Hamburg. Der beschleunigte Umbau der Energieversorgung könnte der deutschen Wirtschaft in den kommenden Jahrzehnten einen starken Wachstumsschub bringen. Das Deutsche Institut für Wirtschaftsforschung (DIW) rechnet bei einer Wende hin zu grünen Technologien mit Hunderttausenden neuen Arbeitsplätzen. Über die Frist für den Atomausstieg in Deutschland ist zwar noch nicht endgültig entschieden. Seit dem Reaktorunglück im japanischen Fukushima Mitte März zeigt sich aber eine starke Sogwirkung für den Ausbau der erneuerbaren Energien und den Bau moderner Stromnetze.

Hamburg hat die Ansiedlung von Unternehmen der "grünen" Energiewirtschaft seit Jahren zielstrebig gefördert und kann von der Energiewende deshalb besonders profitieren. "Wir rechnen den erneuerbaren Energien und den Effizienztechnologien in Hamburg derzeit bis zu 3000 Arbeitsplätze zu. Diese Zahl können wir in den kommenden zwei bis drei Jahren verdoppeln", sagte Wirtschaftssenator Frank Horch (parteilos) dem Abendblatt.

Bis zu seinem Wechsel in die Politik zu Beginn des Jahres hatte Horch als Präses der Handelskammer jahrelang für die Anwerbung und Vernetzung von Unternehmen aus der Branche der Ökoenergien geworben. Vor allem Windkrafthersteller wie General Electric, Siemens, Vestas, Nordex oder Suzlon siedelten in den vergangenen Jahren Abteilungen in der Hansestadt an oder verlegten - wie Nordex - sogar ihre Zentrale nach Hamburg. "Beim Zusammenspiel von Forschung und Wirtschaft sehe ich für die erneuerbaren Energien und die Effizienztechnologien in Hamburg eine ungemeine Chance", sagte Horch. "Der Strukturwandel hin zu einer neuen Energiewirtschaft kommt jetzt voraussichtlich schneller als gedacht. Die Fundamente dafür haben wir in Hamburg aber in den vergangenen Jahren bereits gelegt."

Ökostrom-Anbieter wie LichtBlick und Greenpeace Energy - beide sitzen in Hamburg - oder Naturstrom verzeichnen seit der Reaktorkatastrophe in Fukushima einen massiven Zulauf an neuen Kunden. Diese Entwicklung registriert auch das Verbraucherportal Verivox: "Wir erhalten täglich deutlich mehr Anfragen für Ökostrom-Angebote", sagte Verivox-Sprecherin Dagmar Ginzel dem Abendblatt. Das Wachstumspotenzial am deutschen Markt sei groß: "Nur 2,6 Millionen Haushalte beziehen derzeit Ökostrom, das entspricht gerade mal 6,1 Prozent aller Haushalte", so Ginzel.
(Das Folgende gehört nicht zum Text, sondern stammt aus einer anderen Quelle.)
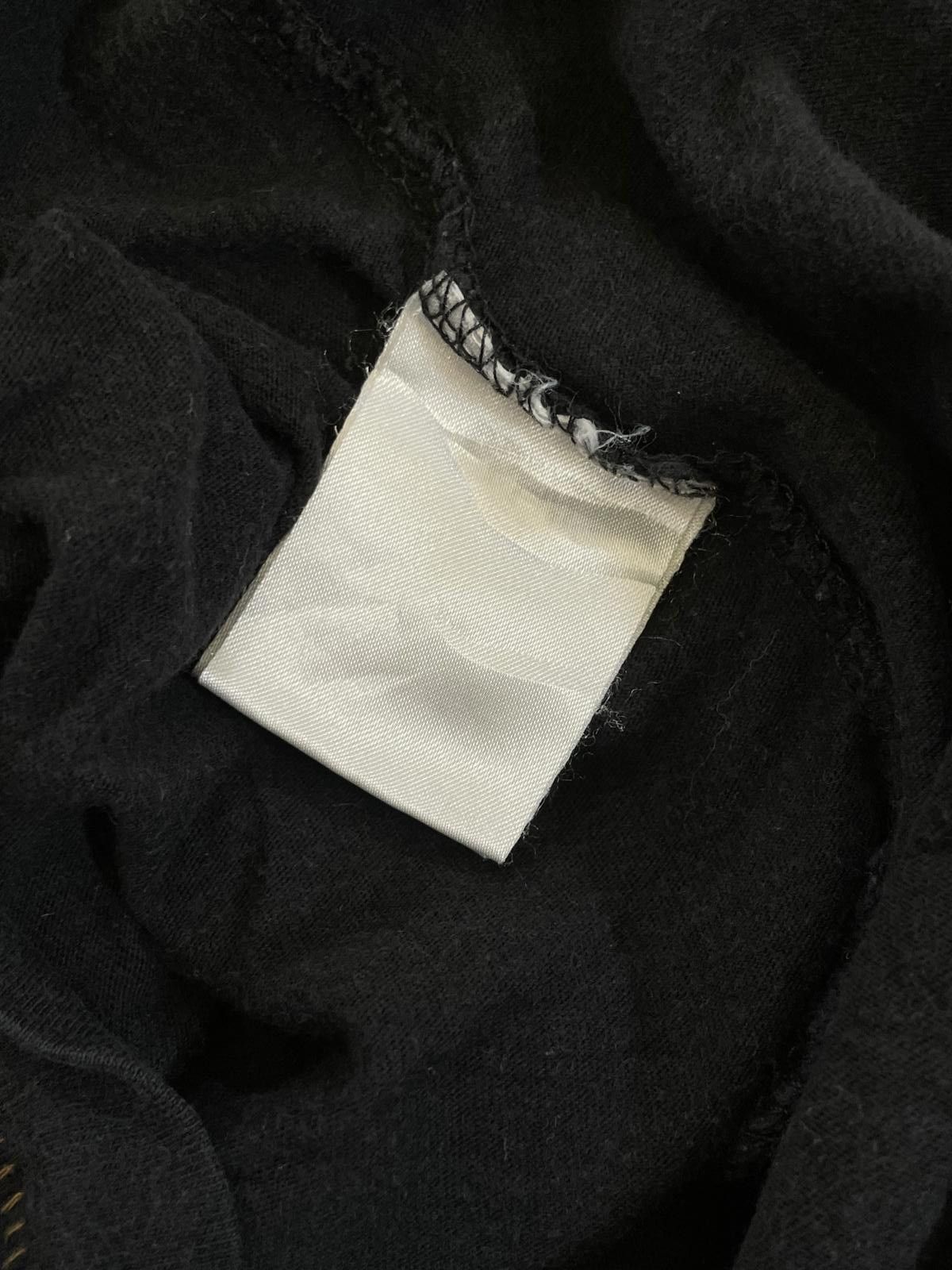 PPFM PPFM “nothing gained” LONG-SLEEVE Size US M / EU 48-50 / 2 - 5 Thumbnail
DIW-Ökonomin Claudia Kemfert sagte dem Abendblatt: "Die deutsche Wirtschaft kann wie keine andere vom Boom der grünen Branchen profitieren. Dazu zählen neben dem Ausbau der erneuerbaren Energien auch die Energieeffizienz, Energiespeicherung, intelligente Daten- und Energienetze oder innovative Kraftwerks- und Antriebstechnologien", so die Professorin. "In Deutschland können bis zu einer Million zusätzlicher Arbeitsplätze entstehen, wenn Unternehmen in die entscheidenden Zukunftsmärkte investieren."

In Hamburg bietet eine Vielzahl von Unternehmen ihre Leistungen zu erneuerbaren Energien oder zur Energieeinsparung an. Siemens etwa steuert von hier aus einen Teil seines Europageschäfts. Der Konzern vermarktet in stark wachsendem Maß erneuerbare Energien und Effizienztechnologien. Die Commerzbank betreibt in der Hansestadt ihr internationales Kreditgeschäft für Ökoenergien.